There are three major editions* of vSAN 6.6 available – “Standard”, “Advanced”, and “Enterprise”- so other than price what’s the difference between the three?
*aside from the “vSAN for Desktop” and “vSAN for ROBO” lines which address specific use cases- look out for later posts focusing on these.
Standard is the base offering and, like it’s more expensive cousins, is licensed per socket the same way that vSphere is- so a dual-socket host needs two licenses for vSphere and two licenses for vSAN. This edition gives you all the core features of the VMware software-defined storage platform; distributing VM storage across the converged hosts, supporting iSCSI access for non-virtualised workloads, and using Storage Policy-Based management to name a few.
Advanced, the next edition up the scale, gives benefits to vSAN platforms built on All-Flash. A vSAN host can be configured as “Hybrid” or “All-Flash”, hybrid uses spinning disks- HDD – for the capacity tier and flash disks for the cache tier. If your hardware uses the Hybrid model then there’s no advantage to using the Advanced edition as the additional features are only applicable to All-Flash configurations.
However, the Advanced edition provides major features which may tip the balance in the favour of the all-flash design when choosing a hardware platform, namely Erasure Coding, Deduplication, and Compression.

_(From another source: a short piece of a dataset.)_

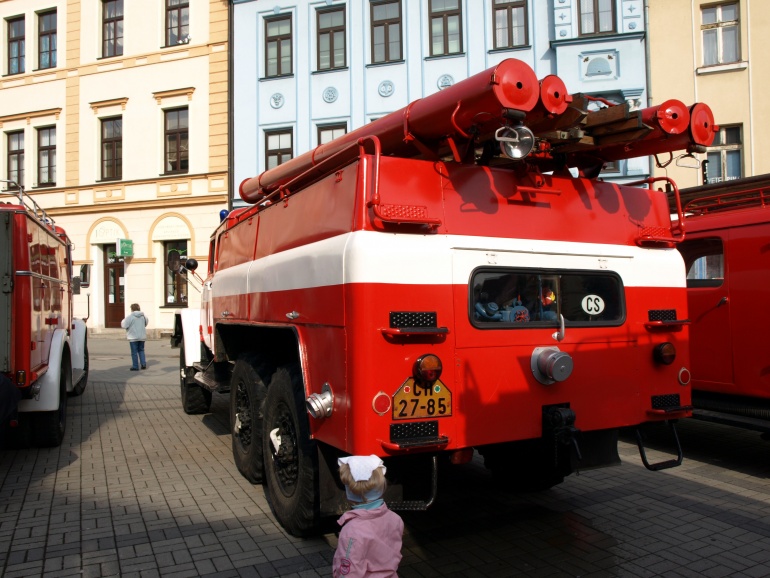 76090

Deduplication (storing matching blocks of data only once), compression (using an algorithm to compress data), and erasure coding (basically arranging the data in a similar way to a RAID5/6 model but across hosts) are all features which can be used to reduce the amount of physical disk consumed by the data. Less space consumed = lower disk requirements = lower costs. More detailed information on vSAN Space Efficiency can be found in the VMware docs.

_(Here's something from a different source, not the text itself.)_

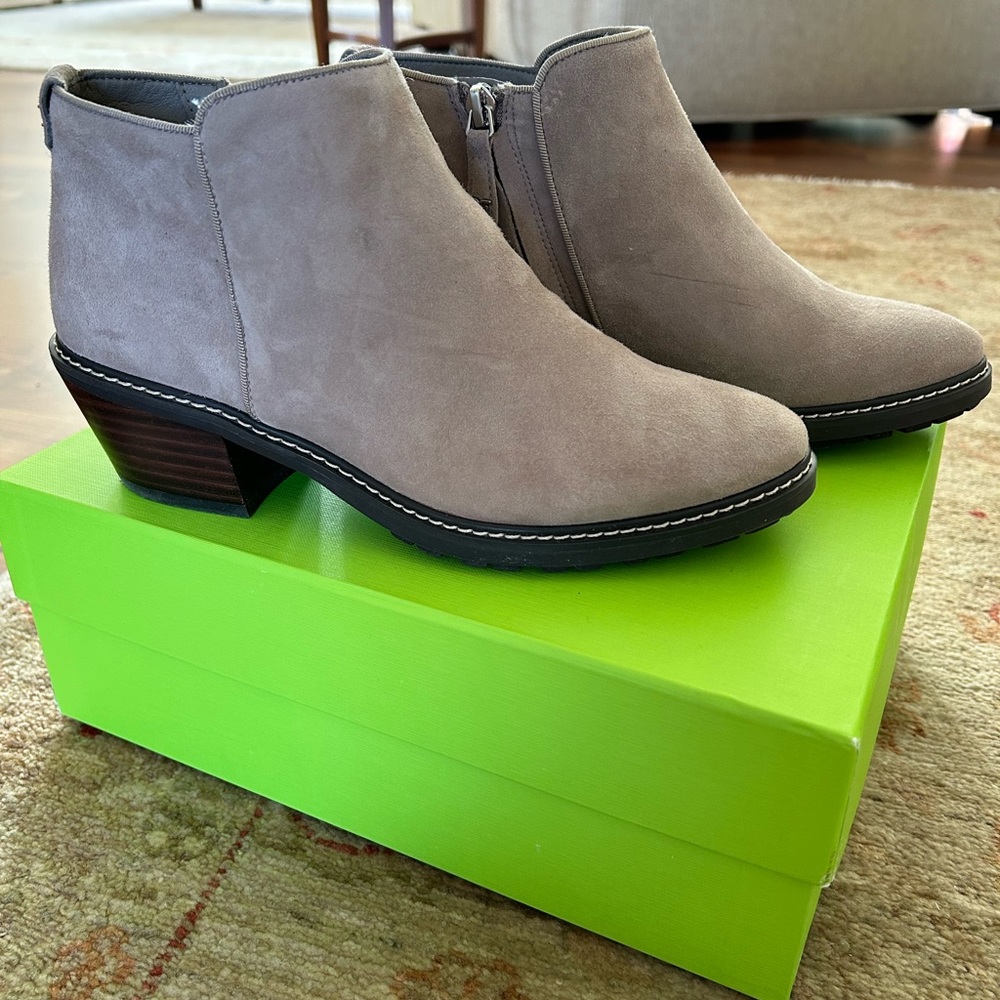 Sam Edelman “Pryce” ankle inside zip booties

As these three technologies can squash more data into your disk, they can provide more capacity for your spend and potentially offset the higher cost of SSD per gigabyte over HDD and the higher vSAN licensing price (Advanced is retailing at $1500 per socket more than Standard at time of writing). In the right circumstances it’s possible to design a higher capacity, better performing platform using the Advanced Edition+All-Flash route for the same cost of the Standard Edition+Hybrid design.
As with any data reduction technology, results can vary depending on workload. The VMware product page quotes savings of “up to” 7x from the deduplication and compression- in reality I’m seeing 2.5x in my own mixed server environment, but I’d expect VDI deployments to see higher figures. In my opinion All-Flash is the way forward and once you’ve made that decision then vSAN Advanced Edition wins over Standard in pretty much every situation.
The Enterprise edition takes the price up higher another $1500 per socket (list price) at time of writing but adds Stretched Cluster with Local Failure Protection and Data-at-Rest Encryption.
The Encryption feature applies to whole vSAN cluster so everything stored on that datastore will be encrypted at rest. This allows dedupe and compression still to work, features that don’t provide any capacity benefits when using the alternative vSphere encryption. vSAN Encryption is configured using the same KMS service as vSphere- so a third-party Key Management Service is required, and you will want a non-encrypted (or alternatively encrypted) datastore/ cluster to host that on. As the encryption is a software offering expensive self-encrypting drives are not required.
The Stretched Cluster functionality allows a vSAN cluster to be designed to span across multiple datacentres and tolerate failure of an entire site. By using a witness host the cluster can detect the loss of a datacentre (or connectivity to it) and ensure that the storage is available using the alternative site. VMware High Availability ensures that any VMs which were running in the failed datacentre are powered on on the surviving site.
There are three editions of regular vSAN- Standard, Advanced, and Enterprise. If you want to use a Stretched vSAN Cluster or vSAN Encryption then you need the Enterprise edition. If you don’t expect to use either of these (perhaps vSphere Encryption covers any encryption requirements) and have an all-flash hardware configuration then it makes sense to go with Advanced Edition. And finally, if you have a Hybrid hardware config then go with Standard Edition (or upgrade your spinning disks to flash).